Страница 2 из 22
— Поосторожнее в выражениях, господин Звонарёв! Вы имеете дело не с шулерами, а с верными слугами престола. Мы свою службу знаем, нас учить не надо. Поучили бы лучше свою супругу. Не женское это дело совать нос в политику. Сидела бы лучше на кухне или детей рожала…
— Как Вы смеете, — вспыхнула от гнева и обиды Варя, — указывать, что мне делать!
— Смею, сударыня! — Наглые глаза ротмистра налились злобой. — На то мне дана власть моим начальством. Это Вы не смеете…
— Нет, Вы послушайте, что он говорит, — не выдержал Вася Зуев. Его загоревшее, густо усыпанное крупными веснушками лицо покраснело от сдерживаемой ярости. — Этот жандарм смеет читать мораль тёте Варе!
Он подошёл вплотную к ротмистру, чувствуя, как руки наливаются свинцовой тяжестью. Богатырского роста и сложения, Вася производил внушительное впечатление.
Но маленького ротмистра, видимо, было трудно испугать.
— Вот что, господин студент, — сквозь зубы процедил он. — Остыньте и не задирайтесь.
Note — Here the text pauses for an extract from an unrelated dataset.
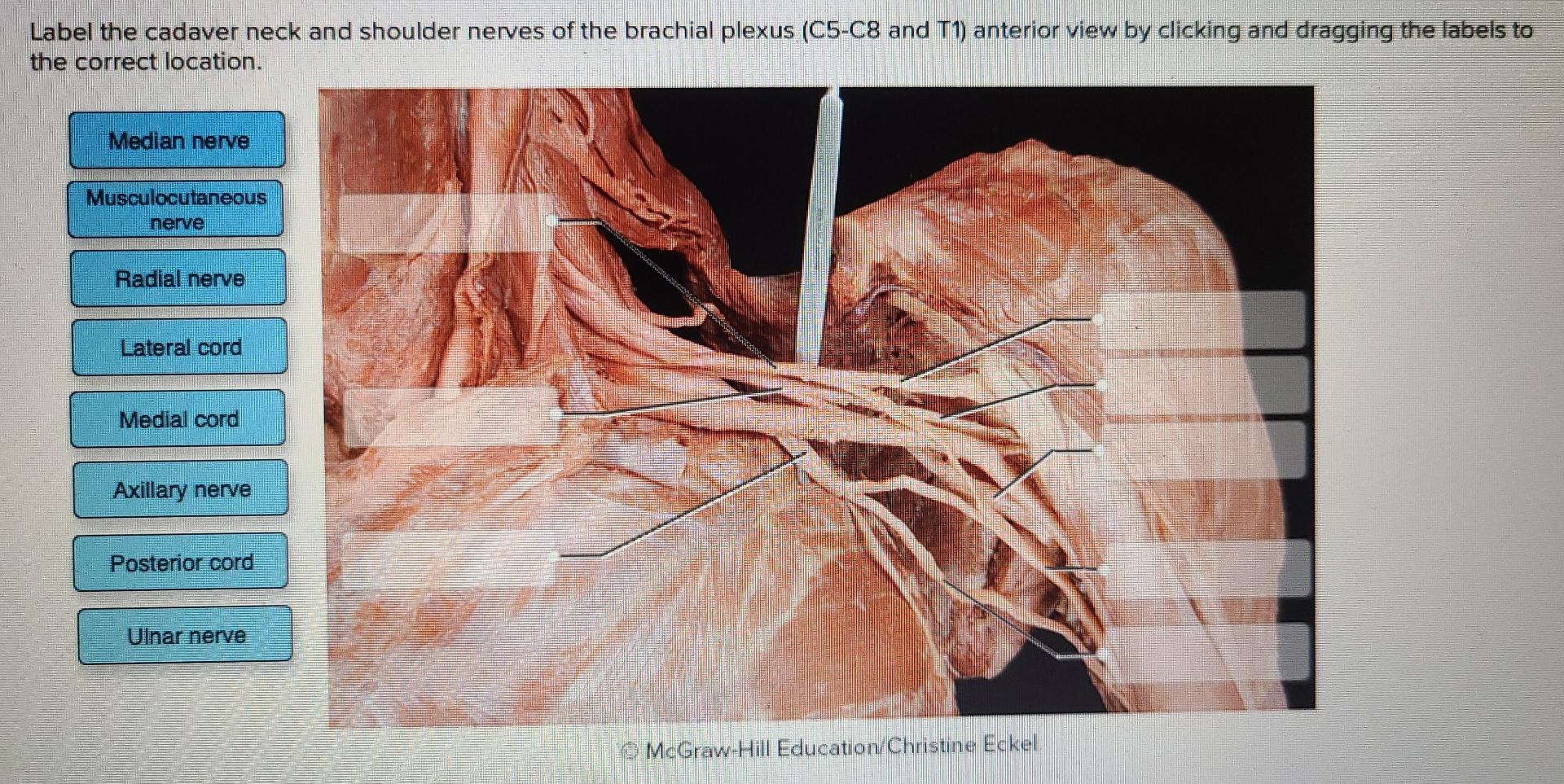 Brachialis Cadaver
Мы и о Вас кое-что знаем. Не пришлось бы нам ещё раз встретиться…
В его голосе звучали угроза и явный намёк. Варя подошла к Васе и, взяв его под руку, молча увела в другой конец комнаты.
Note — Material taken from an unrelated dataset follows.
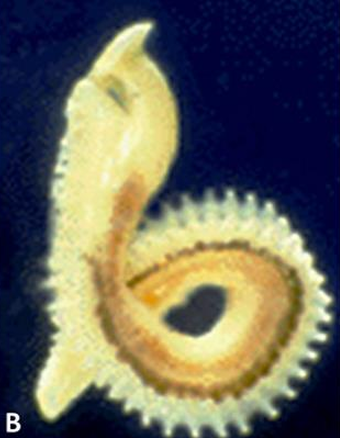 <ol><li><p><em><u>Multicalyx elegans</u></em></p></li><li><p>Holocephalans &amp; Elasmobranchs</p></li><li><p>Intestine </p></li><li><p>1 </p></li><li><p>1 Ventral </p></li></ol><p></p>
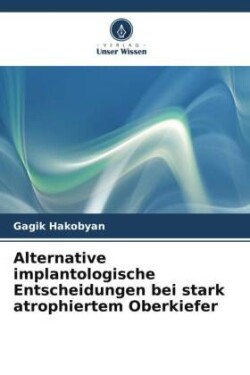 Alternative implantologische Entscheidungen bei stark atrophiertem Oberkiefer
Обыск велся без особой тщательности, и Звонарёв уже считал, что всё закончится благополучно, когда ротмистр совершенно неожиданно предъявил ордер на арест Варвары Васильевны.
Звонарёв опешил:
— То есть как? На каком основании?
— Раз есть ордер — значит есть и основание, — холодно ответил жандарм. И, обернувшись к арестованной, он сказал подчёркнуто вежливо: Прошу Вас, госпожа Звонарёва, собрать вещи и следовать за мной. Внизу ждёт извозчик. Он доставит Вас, разумеется под конвоем, в дом предварительного заключения.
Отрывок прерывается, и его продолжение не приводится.